February 12, 10:37 PM. The BPF tail-call DFS architecture (de755615). This one took hours and it wasn’t obvious it would work at all. People who know this domain well said it couldn’t be done — the verifier constraints are real, the instruction limits are real, the 33 tail-call ceiling is real. The consensus was that a DFS traversal of an arbitrary rule tree in the XDP call path was incompatible with what the verifier allows. Part of what made the approach viable: the entire DAG lives in BPF maps — TREE_NODES and TREE_EDGES are just hash maps the kernel already knows how to query.

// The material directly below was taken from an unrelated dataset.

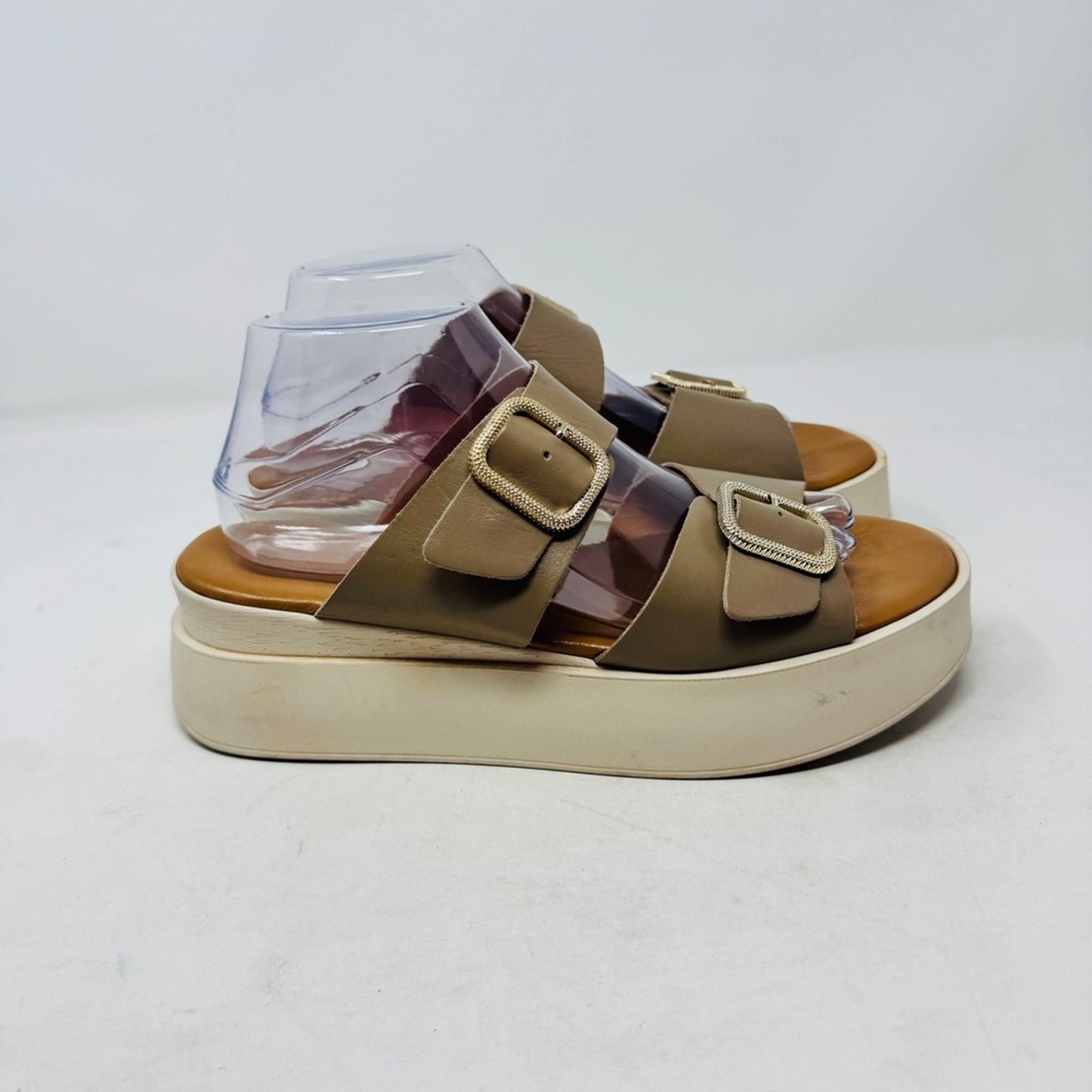 Simona Rossi Leather Platform Slide Sandals Taupe Size 42 Chunky Double Buckle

The walker doesn’t carry the structure, it navigates it.

The path to get here is worth documenting because the eBPF verifier is not like any other runtime constraint. It doesn’t just check that your program probably works — it explores every possible execution path and proves none of them can crash the kernel. A program with 20 loop iterations and 3 branches per iteration has 3²⁰ ≈ 3.5 billion potential paths to verify. The verifier gives up at 1 million.

First attempt: decision tree with macro-unrolled levels (Chapter 3)

Replace the 64-rule bitmask with a trie. Each internal node is a field dimension; edges are field values. A packet walks root-to-leaf following matching edges. Wildcards are handled by the compiler replicating rules into every value’s subtree. The traversal:

Proto → SrcIp → DstIp → L4Word0 (src-port) → L4Word1 (dst-port) →
TcpFlags → Ttl → DfBit → TcpWindow

The loop would hit the verifier, so unroll it with a macro:

macro_rules! tree_walk_level {
($node_id:expr, $field_value:expr) => {
if let Some(node) = TREE_NODES.get($node_id) {
if node.has_action && node.priority > best_prio {
best_action = node.action;
best_prio = node.priority;
}
let edge_key = EdgeKey { parent: $node_id, value: $field_value };
if let Some(child) = TREE_EDGES.get(&edge_key) {
$node_id = *child;
} else if node.wildcard_child != 0 {
$node_id = node.wildcard_child;
}
}
};
}
// Nine expansions — straight-line code, verifier is happy
tree_walk_level!(node_id, proto);
tree_walk_level!(node_id, src_ip);
// ... through tcp_window

~270 instructions, verifier happy, works up to 10K rules. Problem: single-path traversal only follows one branch per level. Wildcard rules must be replicated by the compiler into every specific-value subtree, which explodes node count.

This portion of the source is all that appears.